Hypsugo savii - Alpenfledermaus

Geschützt nach
Anhang IV FFH-Richtlinie
EU-Code
5365
Artengruppierung
Fledermäuse
Synonyme
Pipistrellus savii
Status Rote Liste Deutschland
(Meinig et al. 2020): R (Extrem selten)
Status Rote Liste Europa
(Temple & Terry 2007): LC (Nicht gefährdet)
Verantwortlichkeit
(Meinig et al. 2020): Allgemeine Verantwortlichkeit

Beschreibung

Felsverbunden

Die Alpenfledermaus ist eine stark felsgebundene Fledermaus, die allerdings zunehmend in Städten nachgewiesen wird. Sie kommt bis in 3.300 m Höhe vor und hält damit den Höhenrekord für Fledermausnachweise in Europa. Dennoch ist ihr Name irreführend, da sie im Mittelmeerraum auch auf Meereshöhe beobachtet wird und nicht nur in den Alpen vorkommt.
In Deutschland galt die Alpenfledermaus lange Zeit als ausgestorben, wurde allerdings in den letzten Jahren gelegentlich im Bundesgebiet nachgewiesen. Auch wenn einige dieser Nachweise auf Verfrachtungen zurückzuführen sind, scheint sie in Ausbreitung nach Norden begriffen zu sein.

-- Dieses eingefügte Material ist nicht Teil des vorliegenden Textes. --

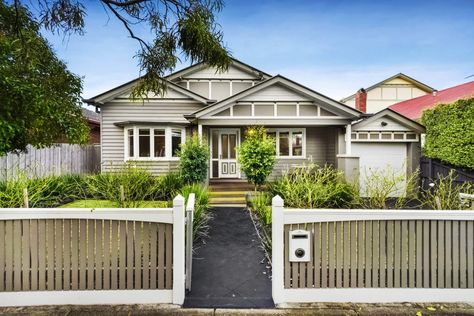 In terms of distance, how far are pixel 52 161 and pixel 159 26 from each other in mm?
9483

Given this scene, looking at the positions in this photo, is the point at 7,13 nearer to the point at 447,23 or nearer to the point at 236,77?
the point at 236,77

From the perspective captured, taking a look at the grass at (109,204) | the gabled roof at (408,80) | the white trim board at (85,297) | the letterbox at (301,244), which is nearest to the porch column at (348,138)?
the grass at (109,204)

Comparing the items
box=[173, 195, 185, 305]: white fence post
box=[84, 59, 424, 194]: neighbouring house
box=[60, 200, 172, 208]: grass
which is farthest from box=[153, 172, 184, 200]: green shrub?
box=[173, 195, 185, 305]: white fence post

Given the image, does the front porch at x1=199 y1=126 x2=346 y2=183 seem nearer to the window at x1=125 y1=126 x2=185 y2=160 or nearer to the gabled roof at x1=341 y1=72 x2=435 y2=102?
the window at x1=125 y1=126 x2=185 y2=160

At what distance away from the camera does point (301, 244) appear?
3.43m

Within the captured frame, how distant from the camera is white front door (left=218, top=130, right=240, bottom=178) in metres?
13.2

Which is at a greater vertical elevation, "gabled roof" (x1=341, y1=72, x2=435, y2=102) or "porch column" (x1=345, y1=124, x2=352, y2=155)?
"gabled roof" (x1=341, y1=72, x2=435, y2=102)

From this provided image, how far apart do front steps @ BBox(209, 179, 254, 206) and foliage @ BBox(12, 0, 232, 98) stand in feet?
18.7

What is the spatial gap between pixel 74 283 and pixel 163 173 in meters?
8.97

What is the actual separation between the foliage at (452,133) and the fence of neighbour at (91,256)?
9.98 metres

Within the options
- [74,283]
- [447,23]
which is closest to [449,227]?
[74,283]

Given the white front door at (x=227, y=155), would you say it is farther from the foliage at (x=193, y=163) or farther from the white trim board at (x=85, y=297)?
the white trim board at (x=85, y=297)

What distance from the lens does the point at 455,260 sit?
3459 millimetres

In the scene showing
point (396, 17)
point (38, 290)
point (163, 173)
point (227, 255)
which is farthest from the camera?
point (163, 173) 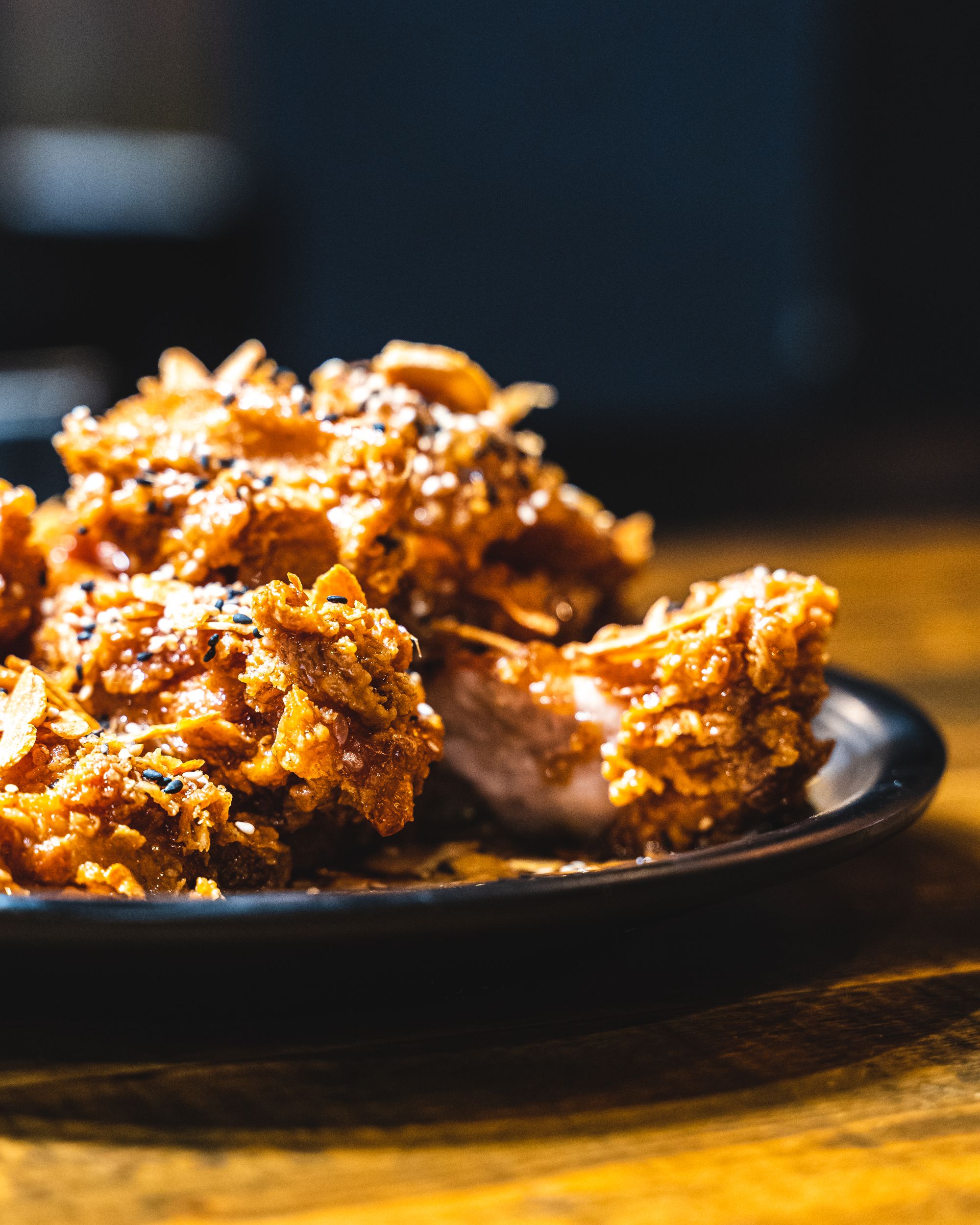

Merkmale der Alpenfledermaus

Die Alpenfledermaus ist eine vergleichsweise bunt wirkende, kleine Fledermaus, deren braunes, langes Rückenfell meist einen gelben bis goldenen Schimmer hat und deutlich von der weißen Unterseite abgesetzt ist.

Lebensraum

Die Alpenfledermaus besiedelt Lebensräume von mediterranen Küstenlagen bis in alpine Bereiche (3.300 m Höhe) (Dietz et al. 2007, Garrido-Garcia 2000, Horáček & Benda 2011, Hutson et al. 2008). Im mediterranen Bereich findet man sie überwiegend in Karstgebieten mit einer kleinräumig gegliederten, an Gebüschen (Macchia, Garrigue) reichen Kulturlandschaft. Sie jagt vor Felswänden, über Almen, Wiesen, Baumkronen, Gewässern und in Auen. Ihre Vorkommen liegen meist wenigstens in der Nähe felsiger Bereiche. In einigen Gegenden (Italien, Balkanhalbinsel) ist sie regelmäßig in Siedlungsbereichen und in Großstädten anzutreffen und dort zum Teil eine der häufigsten Fledermäuse (Dietz et al. 2007, Horáček & Benda 2011, Masson 1999, Reiter et al. 2010). Die zunehmende Besiedlung von Städten könnte nach Reiter et al. (2010) eine Erklärung für die Ausbreitung der Art nach Norden sein. Hier liegen wahrscheinlich Sommer- und Winterlebensräume ausreichend nahe beieinander, was außerhalb von Siedlungen eventuell nicht gegeben ist.

Fortpflanzung/Biologie

Ökologie der Art

Die Wochenstuben-, Paarungs- und Sommerquartiere der Alpenfledermaus befinden sich zum weitaus überwiegenden Teil in Spalten in Felswänden, Steinbrüchen und oberhalb großer Höhleneingänge. Direkt in Höhlen ist sie seltener anzutreffen. Im Mittelmeerraum findet sie sich nicht selten unter Dachziegeln, aber auch in Mauerritzen und Fugen an Hochhäusern. Gelegentlich werden Brücken und Gewölbe oder Verstecke hinter Fensterläden und in Dachkonstruktionen genutzt (Boye 2004, Dietz et al. 2007, Horáček & Benda 2011, Masson 1999, Meschede & v. Helversen 2004). Wochenstuben der Alpenfledermaus sind recht klein und bestehen mitunter nur aus bis zu 15 Tieren (Bulgarien). Die größten Kolonien umfassen 40-70 Tiere (Kroatien und Italien) (Dietz et al. 2007, Meschede & v. Helversen 2004, Schober & Grimmberger 1998). Größere Kolonien scheinen sich aus klar getrennten Untergruppen zusammenzusetzen (Horáček & Benda 2011). 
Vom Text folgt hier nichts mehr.